Life is hard and so is love child, believe in all these things.

Clean slate

I’m not sure I can adequately express the freeing feeling attached to intentionally deleting every photo on my phone, just because I can. Starting to think this technology business is more trouble than it’s worth.

Choosing joy.

I guess one of the biggest, hardest lessons in life is to realize sometimes it’s really difficult. It doesn’t cooperate, or listen or turn out the way I want very often. I’d probably say nine times out of ten. I don’t say this complain, just as a reminder for myself. That basically nothing has ever worked out the way I thought I really wanted it to at one point in time, and I survived. And life was good. I was happy. Even after things crumbled. Because I guess that’s the way it works. Everything falls apart and is rebuilt so much better than before.

I guess that’s where joy comes in, though. In the broken places. In the holes. It fills them up and makes them whole, even when I don’t want it to. And suddenly it all makes sense, at least a little more than it did before. I don’t notice it changing things, but somehow it always sneaks in.

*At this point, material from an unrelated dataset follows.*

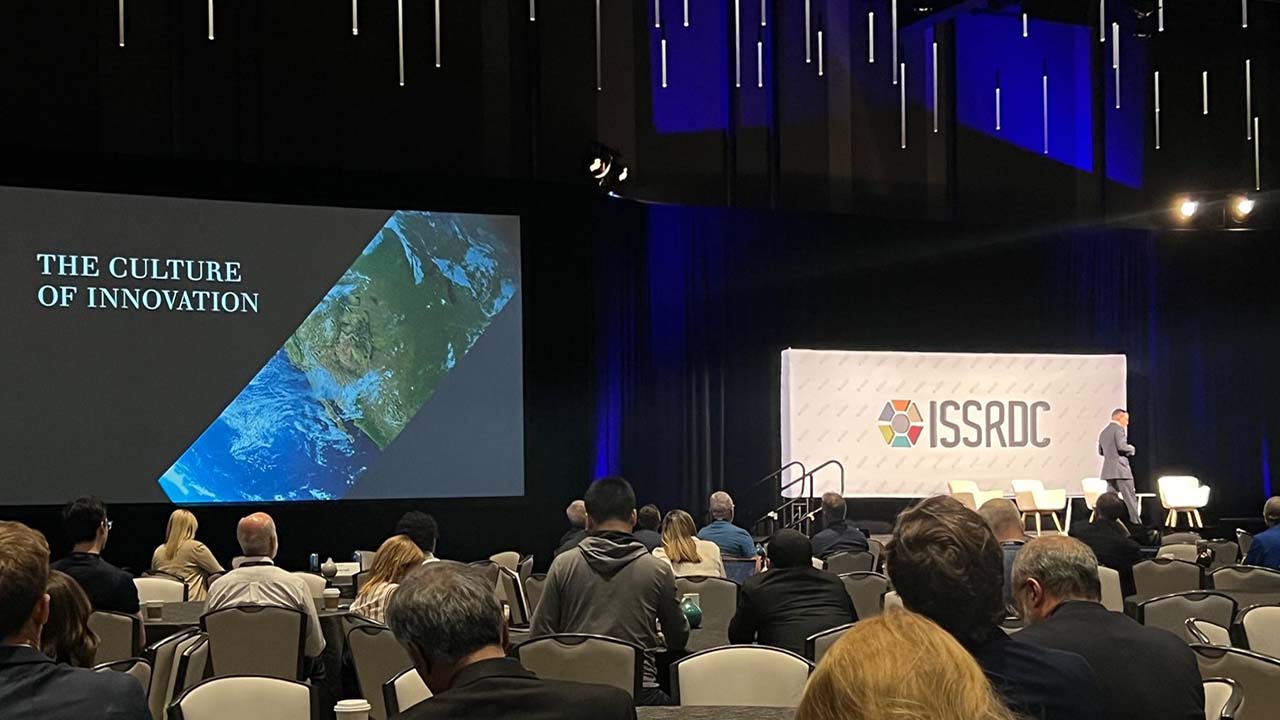 At ISSRDC 2023, Eric Moore, senior VP and chief technology officer for Leidos, gave a Lightning Talk on the power of the collective mind. He attributed the success of Leidos to the companys values that encourage taking advantage of the innovation that results from bringing people together to collaborate and challenge the status quo.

I’ve never been good at gratefulness when times are hard. I would even venture to say I’m pretty good at throwing pity parties. That said, this year has been nothing short of awful for my heart. Any cliche that comes to mind probably fits – bruised, crushed, torn, stomped on, kicked, shattered – they have all been accurate descriptions of how it’s felt. Truth be told? I’m over it. But I can’t change anyone else’s decisions. I can only try to make the best of what I’ve been given.

So I’ve been attempting gratefulness. And intentional joy, even when it’s the last thing I want to be doing. And it’s helped. It makes the rough patches a little less rocky.

The best part, though? The bad makes the good breathtaking. The confusing makes the perfect moments feel infinite. The tears make the laughs a little louder. All of it makes my heart a little more whole.